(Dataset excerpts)

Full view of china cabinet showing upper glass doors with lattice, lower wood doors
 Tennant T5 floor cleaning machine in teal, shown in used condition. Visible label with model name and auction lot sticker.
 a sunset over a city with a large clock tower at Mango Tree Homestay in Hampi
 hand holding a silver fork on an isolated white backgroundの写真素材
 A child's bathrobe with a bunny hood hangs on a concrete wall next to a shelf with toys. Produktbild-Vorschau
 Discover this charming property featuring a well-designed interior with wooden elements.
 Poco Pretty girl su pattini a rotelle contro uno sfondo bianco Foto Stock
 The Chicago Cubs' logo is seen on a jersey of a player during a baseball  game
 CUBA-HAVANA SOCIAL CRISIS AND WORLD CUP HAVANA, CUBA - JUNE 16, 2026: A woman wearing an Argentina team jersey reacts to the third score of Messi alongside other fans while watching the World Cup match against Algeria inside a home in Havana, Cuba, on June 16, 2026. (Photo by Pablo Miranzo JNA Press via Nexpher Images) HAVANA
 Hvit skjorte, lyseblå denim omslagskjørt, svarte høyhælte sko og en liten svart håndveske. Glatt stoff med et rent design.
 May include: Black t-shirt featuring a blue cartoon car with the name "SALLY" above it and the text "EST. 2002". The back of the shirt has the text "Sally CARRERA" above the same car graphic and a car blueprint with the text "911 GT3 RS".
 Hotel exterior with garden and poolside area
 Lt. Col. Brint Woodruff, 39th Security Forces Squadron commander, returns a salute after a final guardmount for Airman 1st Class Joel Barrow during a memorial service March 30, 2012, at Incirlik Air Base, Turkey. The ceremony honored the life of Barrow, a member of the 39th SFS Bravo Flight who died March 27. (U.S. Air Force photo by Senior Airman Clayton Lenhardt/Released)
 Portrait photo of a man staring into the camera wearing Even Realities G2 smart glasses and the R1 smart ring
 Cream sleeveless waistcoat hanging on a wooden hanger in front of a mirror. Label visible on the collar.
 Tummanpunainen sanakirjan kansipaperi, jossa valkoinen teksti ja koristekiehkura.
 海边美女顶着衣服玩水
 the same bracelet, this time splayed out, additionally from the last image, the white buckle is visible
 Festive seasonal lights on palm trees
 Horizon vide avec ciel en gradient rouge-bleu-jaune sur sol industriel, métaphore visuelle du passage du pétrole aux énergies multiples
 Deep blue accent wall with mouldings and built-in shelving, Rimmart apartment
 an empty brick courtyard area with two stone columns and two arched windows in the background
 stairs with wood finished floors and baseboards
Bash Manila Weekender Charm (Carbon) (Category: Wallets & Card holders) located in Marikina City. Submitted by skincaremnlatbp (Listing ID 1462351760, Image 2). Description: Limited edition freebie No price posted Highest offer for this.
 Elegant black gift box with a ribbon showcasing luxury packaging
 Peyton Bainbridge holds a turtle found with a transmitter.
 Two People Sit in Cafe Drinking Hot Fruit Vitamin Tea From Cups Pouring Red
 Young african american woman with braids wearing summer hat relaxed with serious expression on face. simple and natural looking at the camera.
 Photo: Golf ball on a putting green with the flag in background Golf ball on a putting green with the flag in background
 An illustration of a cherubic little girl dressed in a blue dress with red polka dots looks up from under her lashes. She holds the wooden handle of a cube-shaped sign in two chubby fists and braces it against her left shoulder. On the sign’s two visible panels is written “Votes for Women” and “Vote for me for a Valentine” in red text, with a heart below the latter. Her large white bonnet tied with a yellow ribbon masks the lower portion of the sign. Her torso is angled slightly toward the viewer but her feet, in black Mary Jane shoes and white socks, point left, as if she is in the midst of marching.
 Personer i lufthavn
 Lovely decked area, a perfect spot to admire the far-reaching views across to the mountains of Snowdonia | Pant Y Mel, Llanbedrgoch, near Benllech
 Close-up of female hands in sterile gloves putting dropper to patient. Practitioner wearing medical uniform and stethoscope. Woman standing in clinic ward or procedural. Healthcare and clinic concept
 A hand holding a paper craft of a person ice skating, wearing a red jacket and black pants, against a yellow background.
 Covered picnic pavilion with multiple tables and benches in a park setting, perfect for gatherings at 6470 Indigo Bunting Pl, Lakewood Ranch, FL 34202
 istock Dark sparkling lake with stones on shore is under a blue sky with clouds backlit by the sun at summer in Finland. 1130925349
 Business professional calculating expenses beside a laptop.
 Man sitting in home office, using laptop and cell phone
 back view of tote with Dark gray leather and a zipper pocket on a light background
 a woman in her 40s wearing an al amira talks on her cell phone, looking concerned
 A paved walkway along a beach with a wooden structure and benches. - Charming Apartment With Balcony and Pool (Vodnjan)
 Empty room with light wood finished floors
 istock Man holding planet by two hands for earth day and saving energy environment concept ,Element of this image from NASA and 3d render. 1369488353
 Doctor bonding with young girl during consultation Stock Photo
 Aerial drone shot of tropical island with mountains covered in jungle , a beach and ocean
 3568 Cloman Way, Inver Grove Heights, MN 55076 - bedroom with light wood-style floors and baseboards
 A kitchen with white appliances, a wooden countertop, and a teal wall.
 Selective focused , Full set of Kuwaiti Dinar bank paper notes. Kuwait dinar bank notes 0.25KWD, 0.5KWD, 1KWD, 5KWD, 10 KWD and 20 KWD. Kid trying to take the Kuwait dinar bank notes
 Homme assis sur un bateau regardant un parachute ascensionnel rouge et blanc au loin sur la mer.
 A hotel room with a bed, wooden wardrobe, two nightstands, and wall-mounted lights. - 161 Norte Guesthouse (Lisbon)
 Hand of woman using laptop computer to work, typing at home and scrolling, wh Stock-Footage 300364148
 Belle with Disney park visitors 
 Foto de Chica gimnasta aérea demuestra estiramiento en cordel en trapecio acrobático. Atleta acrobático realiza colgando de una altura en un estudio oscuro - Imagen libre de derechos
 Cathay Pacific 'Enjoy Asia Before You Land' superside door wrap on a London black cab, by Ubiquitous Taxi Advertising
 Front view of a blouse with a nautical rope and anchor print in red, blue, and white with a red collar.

#### [WHAT YOU ARE ASKED TO DO]
The expected result is every line above containing the string "finished".

#### [TASK RESPONSE]
 stairs with wood finished floors and baseboards
 Empty room with light wood finished floors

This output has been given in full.